▶ _Task objective_: Word for word, write the records out again, but omit each picture.

Caption-style text data
§ §
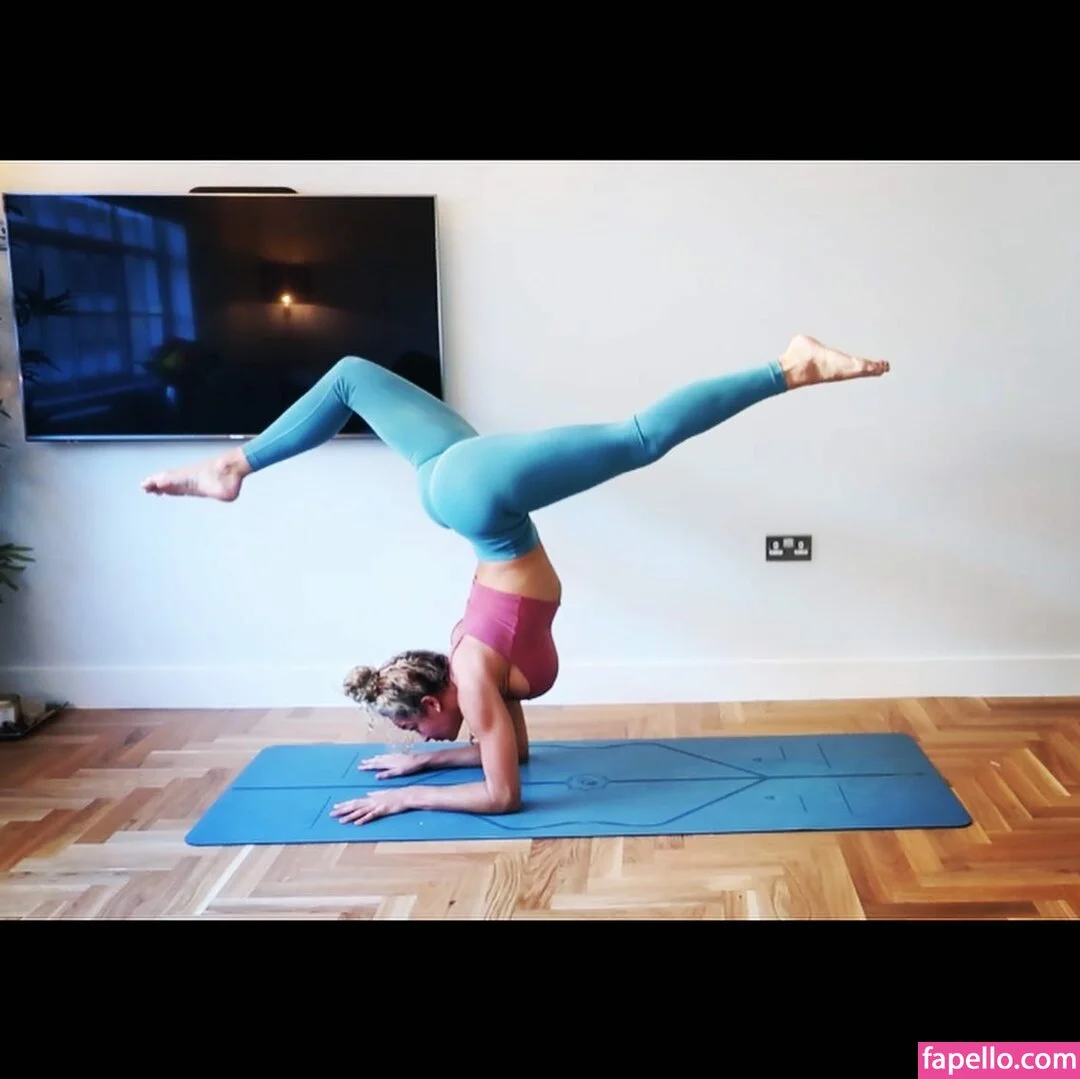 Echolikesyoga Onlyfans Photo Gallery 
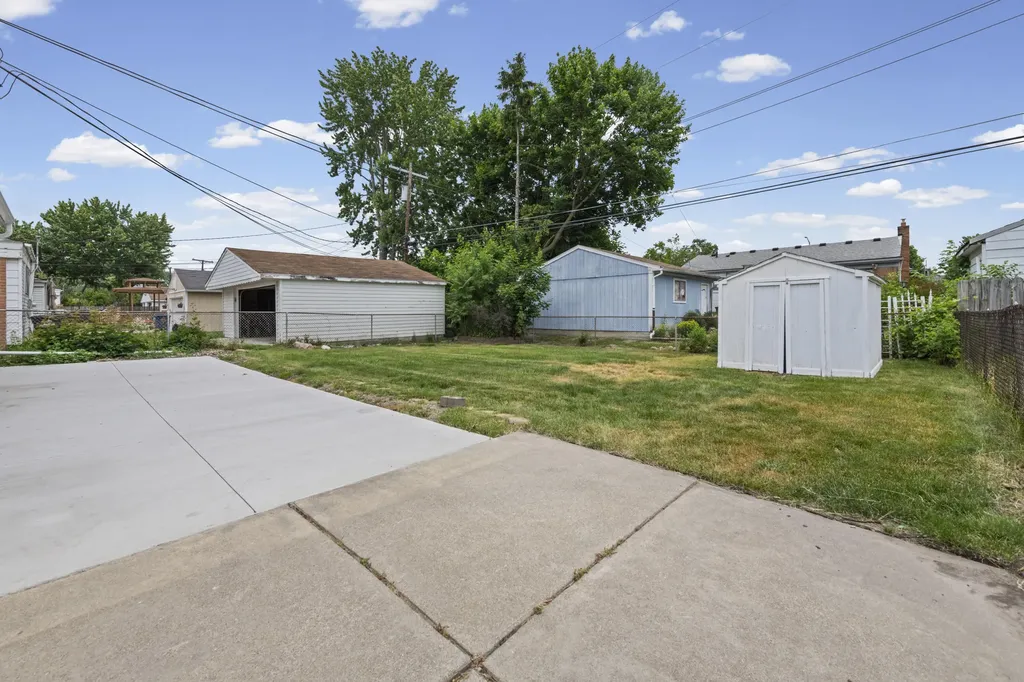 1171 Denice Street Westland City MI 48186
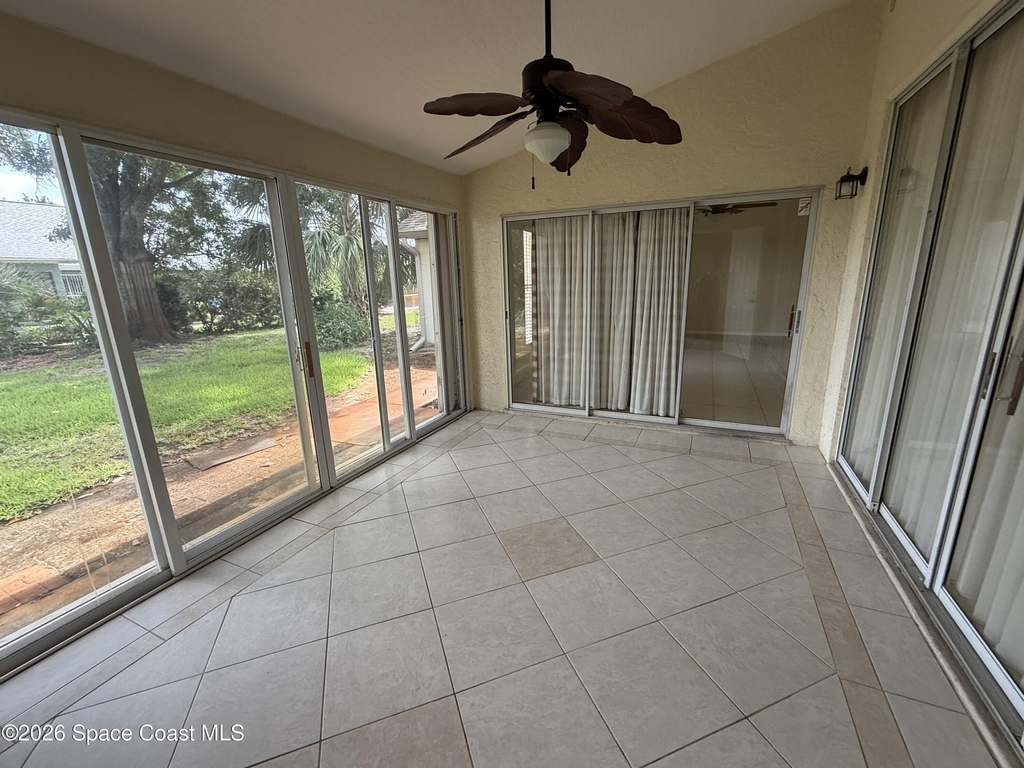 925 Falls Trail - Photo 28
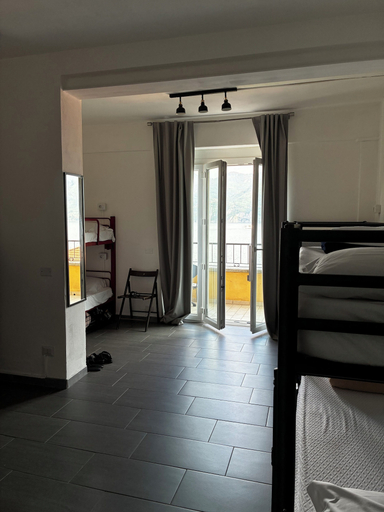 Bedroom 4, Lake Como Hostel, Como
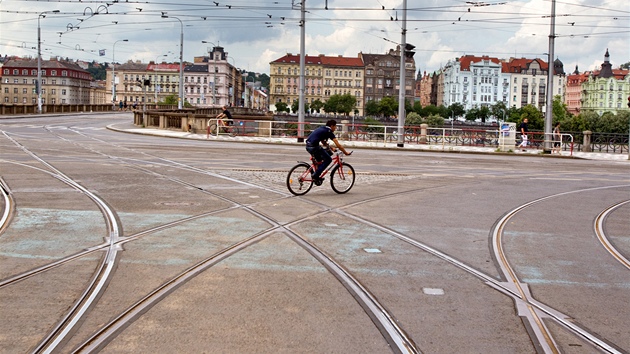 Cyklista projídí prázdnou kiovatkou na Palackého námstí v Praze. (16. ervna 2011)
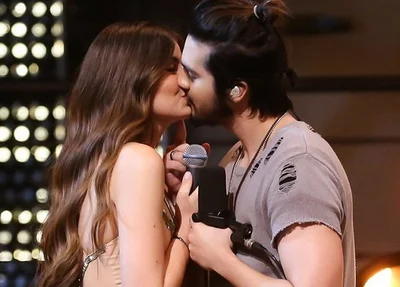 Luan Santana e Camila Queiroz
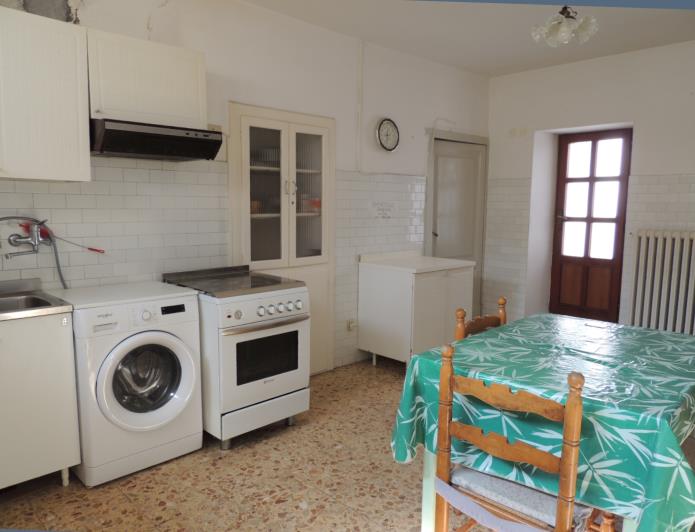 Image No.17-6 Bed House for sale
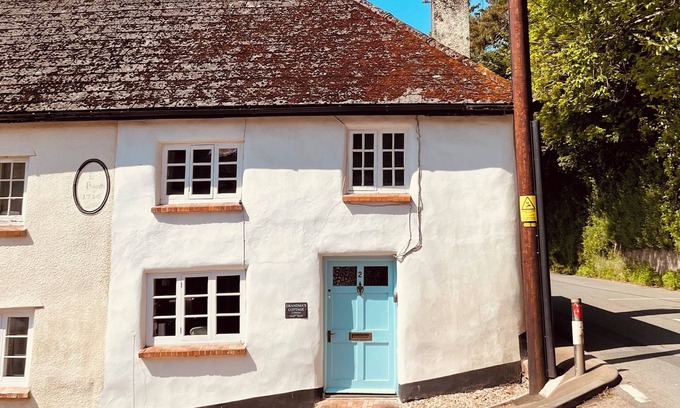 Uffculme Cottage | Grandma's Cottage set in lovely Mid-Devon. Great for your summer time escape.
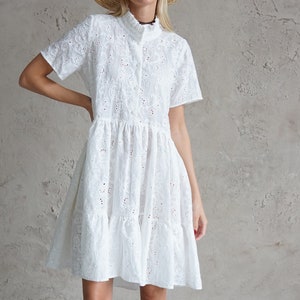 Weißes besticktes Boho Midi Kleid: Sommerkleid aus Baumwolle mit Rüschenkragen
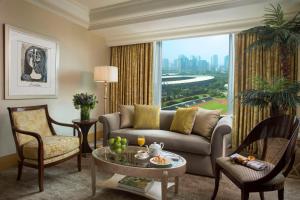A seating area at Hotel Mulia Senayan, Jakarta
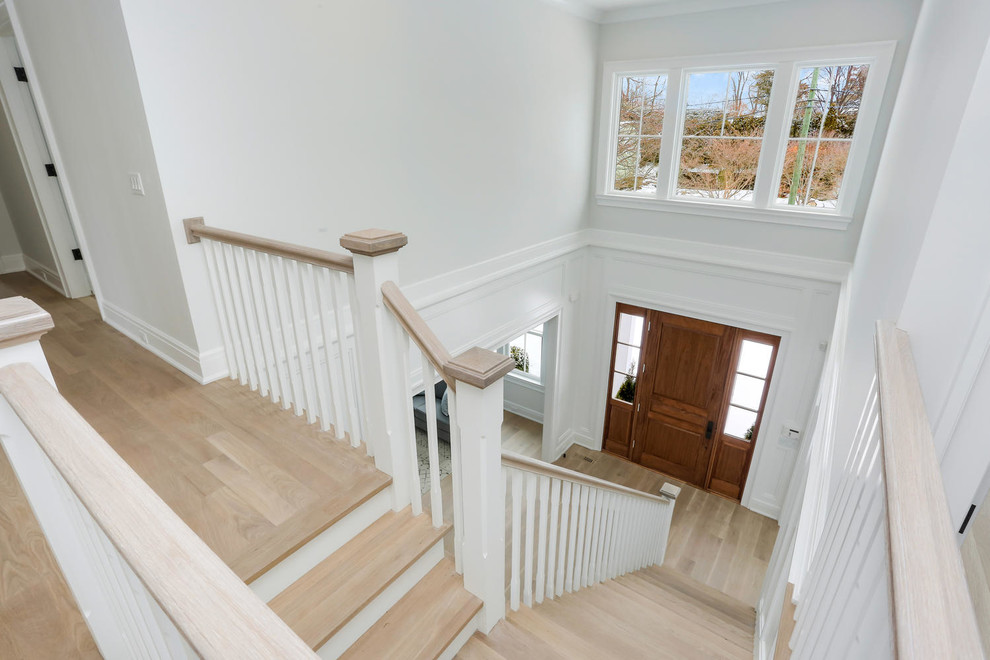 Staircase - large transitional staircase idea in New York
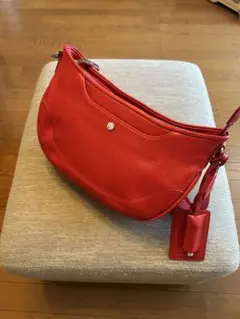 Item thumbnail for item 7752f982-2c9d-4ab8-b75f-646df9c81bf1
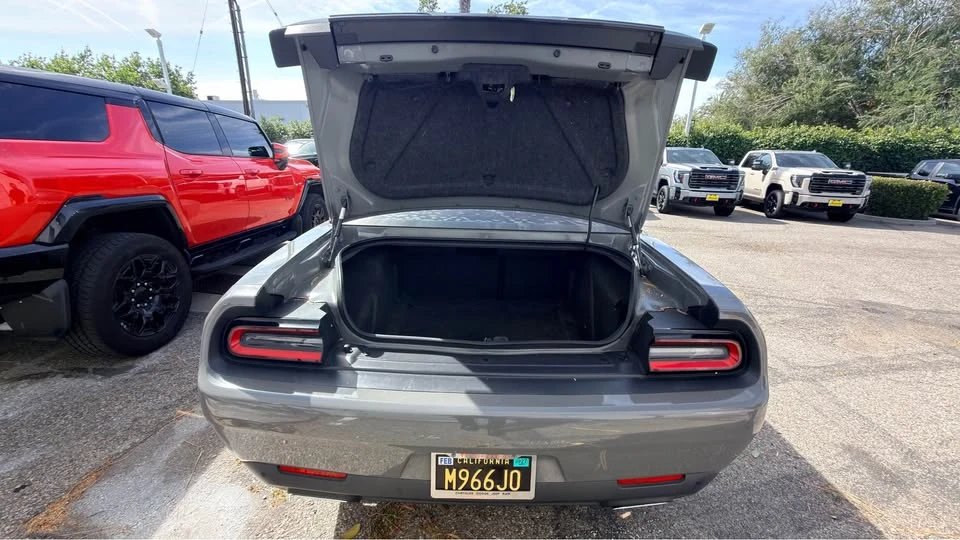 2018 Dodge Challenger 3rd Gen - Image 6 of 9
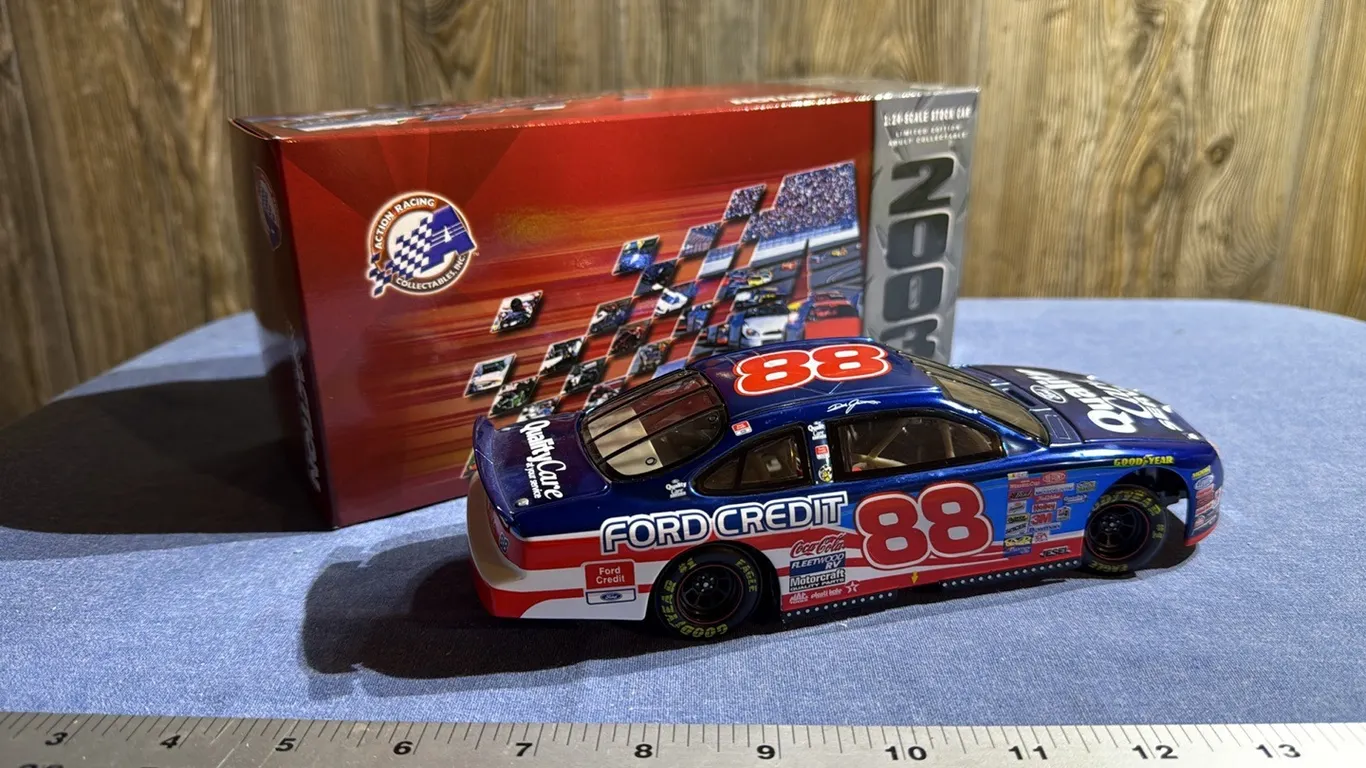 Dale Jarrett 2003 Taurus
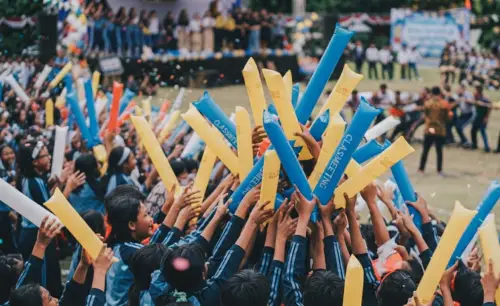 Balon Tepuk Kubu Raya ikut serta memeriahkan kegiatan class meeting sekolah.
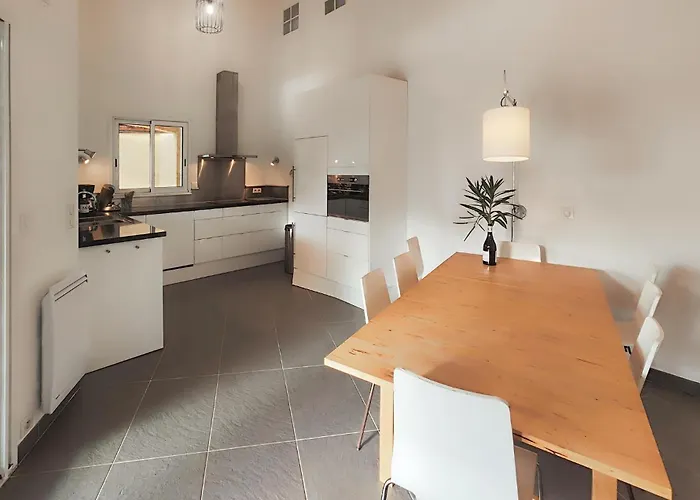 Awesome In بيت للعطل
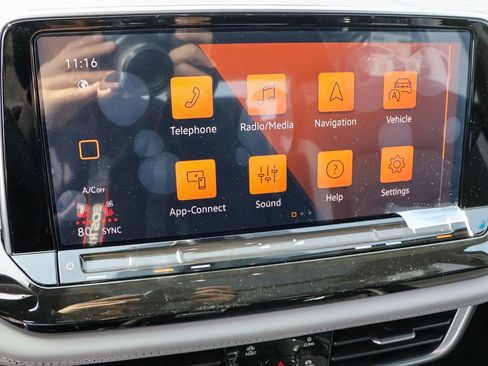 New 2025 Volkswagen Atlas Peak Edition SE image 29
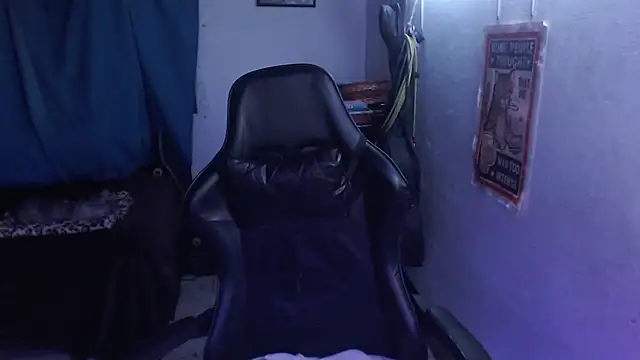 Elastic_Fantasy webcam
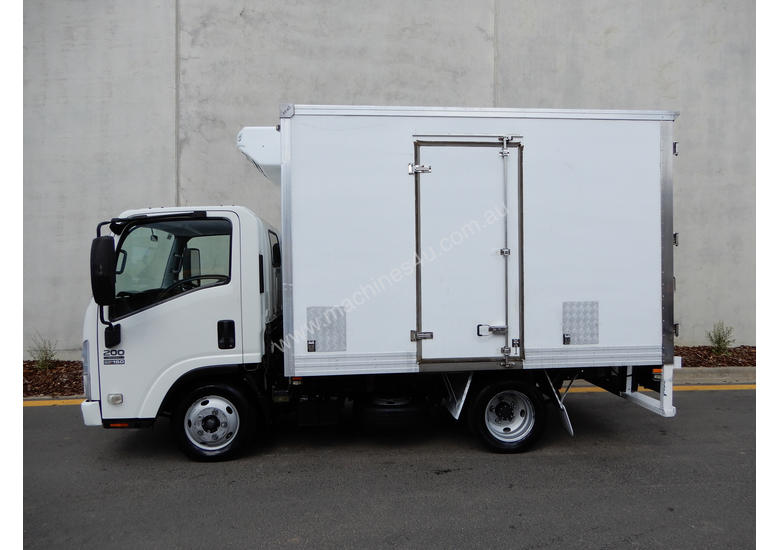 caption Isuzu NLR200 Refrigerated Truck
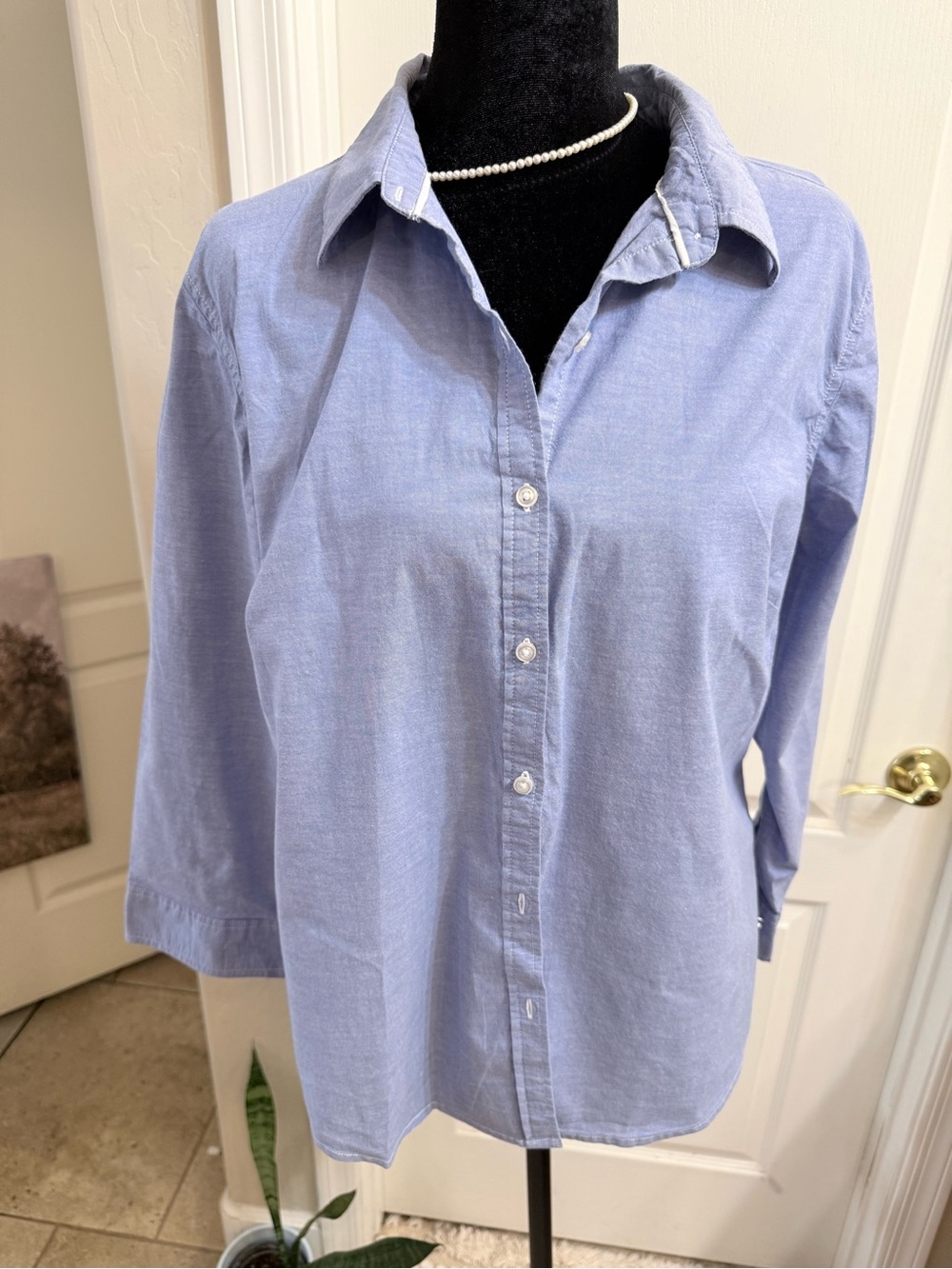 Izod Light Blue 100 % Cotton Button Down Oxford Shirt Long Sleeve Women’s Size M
§ §
▶ _Written answer_:
 Echolikesyoga Onlyfans Photo Gallery 
 1171 Denice Street Westland City MI 48186
 925 Falls Trail - Photo 28
 Bedroom 4, Lake Como Hostel, Como
 Cyklista projídí prázdnou kiovatkou na Palackého námstí v Praze. (16. ervna 2011)
 Luan Santana e Camila Queiroz
 Image No.17-6 Bed House for sale
 Uffculme Cottage | Grandma's Cottage set in lovely Mid-Devon. Great for your summer time escape.
 Weißes besticktes Boho Midi Kleid: Sommerkleid aus Baumwolle mit Rüschenkragen
A seating area at Hotel Mulia Senayan, Jakarta
 Staircase - large transitional staircase idea in New York
 Item thumbnail for item 7752f982-2c9d-4ab8-b75f-646df9c81bf1
 2018 Dodge Challenger 3rd Gen - Image 6 of 9
 Dale Jarrett 2003 Taurus
 Balon Tepuk Kubu Raya ikut serta memeriahkan kegiatan class meeting sekolah.
 Awesome In بيت للعطل
 New 2025 Volkswagen Atlas Peak Edition SE image 29
 Elastic_Fantasy webcam
 caption Isuzu NLR200 Refrigerated Truck
 Izod Light Blue 100 % Cotton Button Down Oxford Shirt Long Sleeve Women’s Size M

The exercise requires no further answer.